Stored data entries:

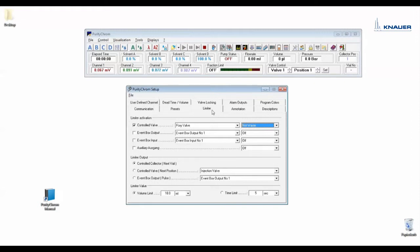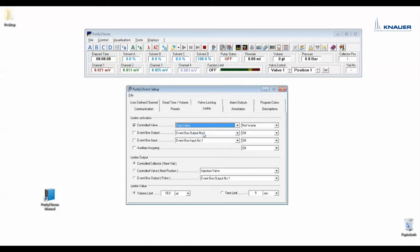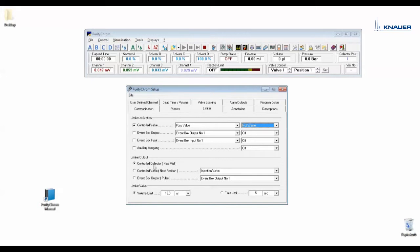The limiter is a special feature of the software which calculates the pump volume. Under limiter activation you can choose when the calculation should start. In case we have a fraction collector you would enter here the valve of the fraction collector. It should start if the valve changes the position from waste to fraction, so we enter here not waste. After a special volume which you can enter here or a special time the collector should perform a step to the next vial. So we enter here controlled collector next vial.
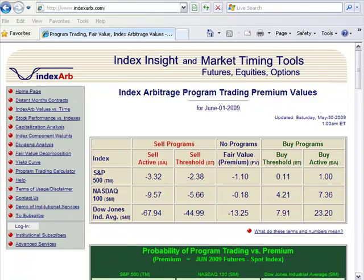Hi everybody, this is Kirtosis Trading. I want to talk to you today about index arbitrage and how you can set up a chart on TradeStation to monitor when buy programs and sell programs are possibly going to hit the market, and use that to help yourself with entries and exits on your trading strategy.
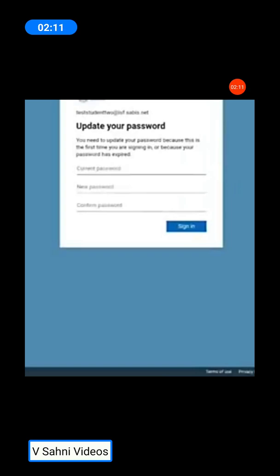The remaining procedure of logging in and typing in the password remains the same for your mobile as well as for the computer app. Thank you, parents.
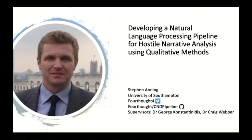Good day to all, and I'd like to say thank you for taking the time to listen to this presentation today. I hope you're keeping well amidst all of the madness. This presentation is about my research into developing a natural language processing pipeline for hostile narrative analysis. Unique to this pipeline when compared to others is our use of qualitative methods. You can see my contact details on the slide.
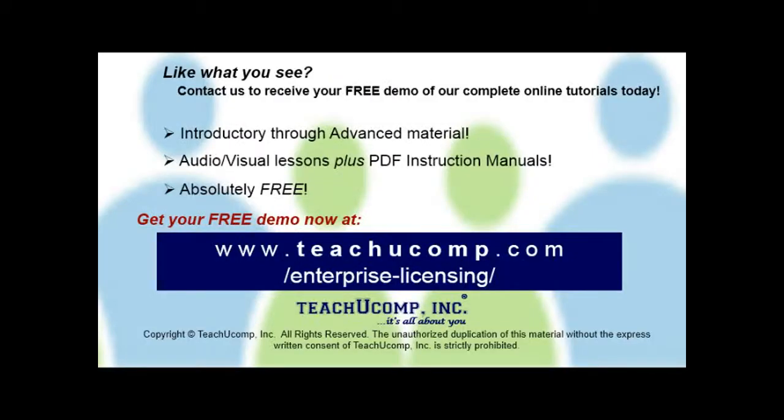Like what you see? Get a free demo of our training for groups of 5 or more at www.teachucomp.com/enterprise-licensing.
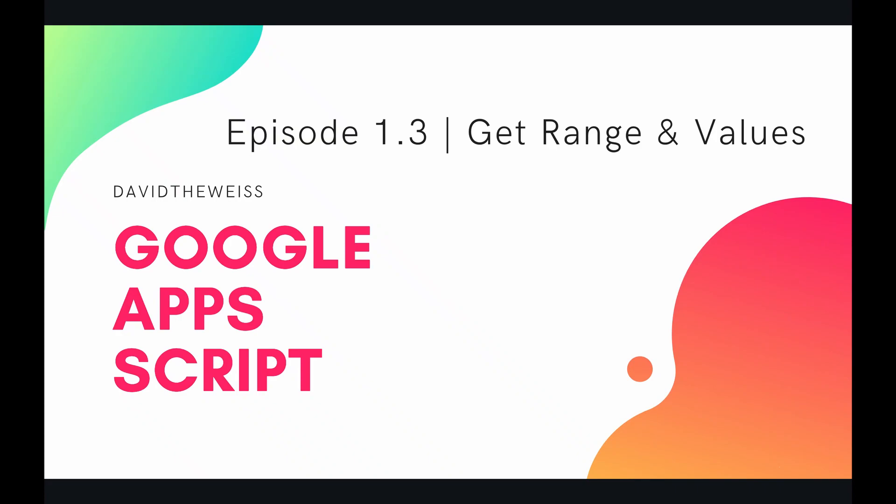Hello coders and welcome to episode 1.3 of our Google Apps Script course. Today we're going to be talking about getting a range and values of a sheet.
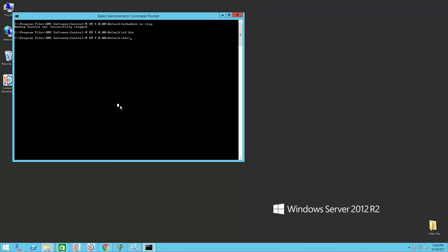After configuring the EM Server, we will perform the same on the EM Client.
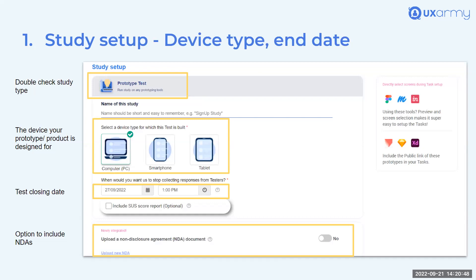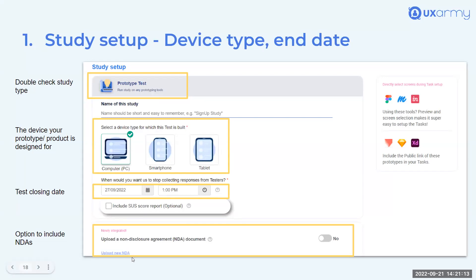On the full study setup page you can double-check the study type, name your study, pick your device, and set your closing date. For the NDA, you upload a PDF. When users are about to start the test, the NDA loads on a page and they must read and click accept before they can proceed.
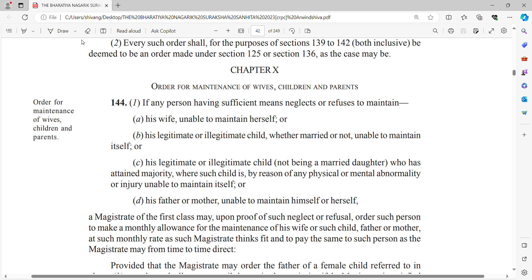Hello everybody, good evening. Today we'll be looking into Chapter 10 of the Bharatiya Nagarik Suraksha Sanhita (BNSS). Chapter 10 of BNSS, which is the new CrPC, talks about maintenance to wife, children, and parents. Section 125 of the old CrPC has become Section 144 of BNSS, titled 'Order for Maintenance of Wife, Children and Parents.'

→ **DIRECTIONS**: Could you return each entry word for word, with the images omitted?

→ **ANSWER SPACE**:
The limiter is a special feature of the software which calculates the pump volume. Under limiter activation you can choose when the calculation should start. In case we have a fraction collector you would enter here the valve of the fraction collector. It should start if the valve changes the position from waste to fraction, so we enter here not waste. After a special volume which you can enter here or a special time the collector should perform a step to the next vial. So we enter here controlled collector next vial.
Hi everybody, this is Kirtosis Trading. I want to talk to you today about index arbitrage and how you can set up a chart on TradeStation to monitor when buy programs and sell programs are possibly going to hit the market, and use that to help yourself with entries and exits on your trading strategy.
The remaining procedure of logging in and typing in the password remains the same for your mobile as well as for the computer app. Thank you, parents.
Good day to all, and I'd like to say thank you for taking the time to listen to this presentation today. I hope you're keeping well amidst all of the madness. This presentation is about my research into developing a natural language processing pipeline for hostile narrative analysis. Unique to this pipeline when compared to others is our use of qualitative methods. You can see my contact details on the slide.
Like what you see? Get a free demo of our training for groups of 5 or more at www.teachucomp.com/enterprise-licensing.
Hello coders and welcome to episode 1.3 of our Google Apps Script course. Today we're going to be talking about getting a range and values of a sheet.
After configuring the EM Server, we will perform the same on the EM Client.
On the full study setup page you can double-check the study type, name your study, pick your device, and set your closing date. For the NDA, you upload a PDF. When users are about to start the test, the NDA loads on a page and they must read and click accept before they can proceed.
Hello everybody, good evening. Today we'll be looking into Chapter 10 of the Bharatiya Nagarik Suraksha Sanhita (BNSS). Chapter 10 of BNSS, which is the new CrPC, talks about maintenance to wife, children, and parents. Section 125 of the old CrPC has become Section 144 of BNSS, titled 'Order for Maintenance of Wife, Children and Parents.'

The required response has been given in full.